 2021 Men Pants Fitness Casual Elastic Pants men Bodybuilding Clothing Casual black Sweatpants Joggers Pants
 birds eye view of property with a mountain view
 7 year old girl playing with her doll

--

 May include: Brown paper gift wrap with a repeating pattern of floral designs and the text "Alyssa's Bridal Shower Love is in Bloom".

--

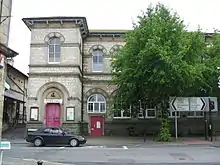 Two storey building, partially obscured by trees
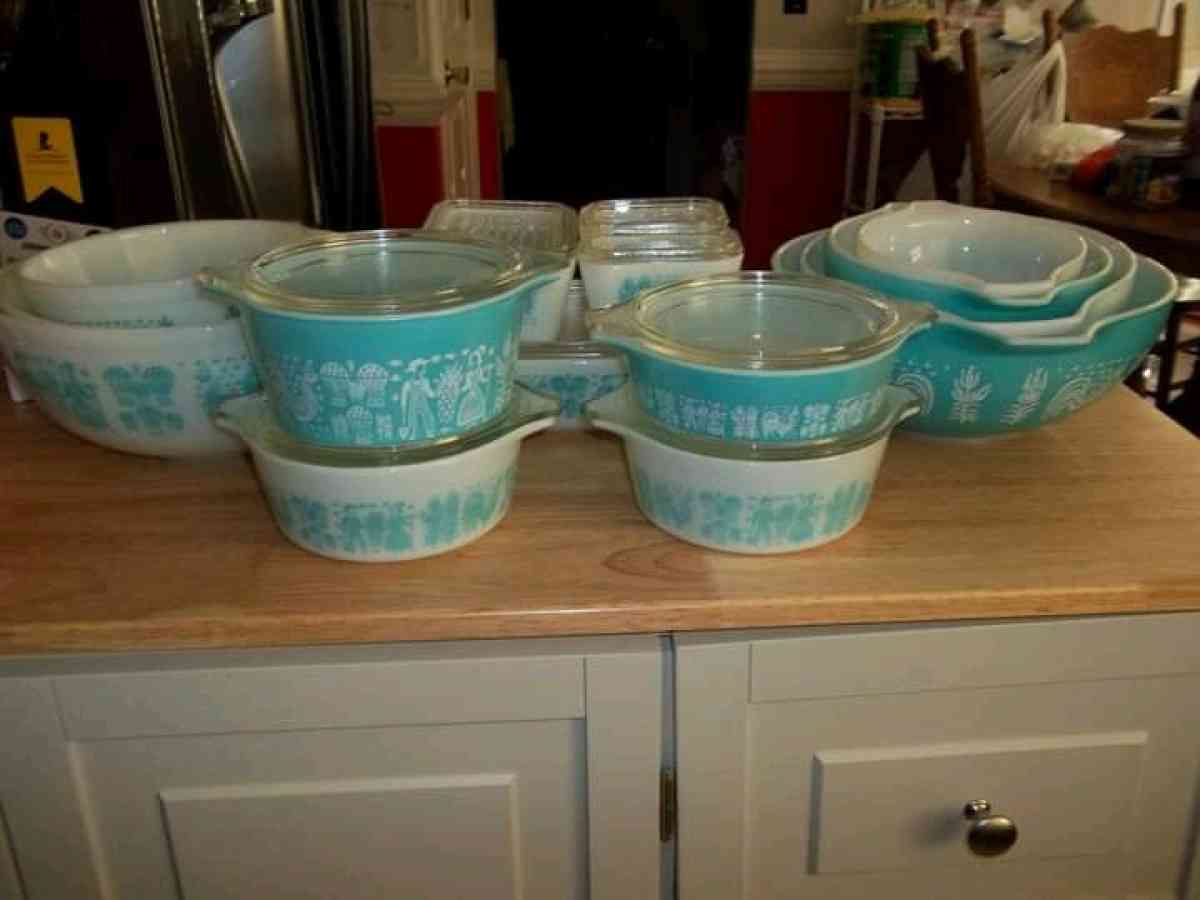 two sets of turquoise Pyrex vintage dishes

## YOUR TASK
Your answer must be the lines above from the one containing "birds eye view" to the one containing "7 year old girl playing with her doll", both included, restated word for word.

## ANSWER AREA
 birds eye view of property with a mountain view
 7 year old girl playing with her doll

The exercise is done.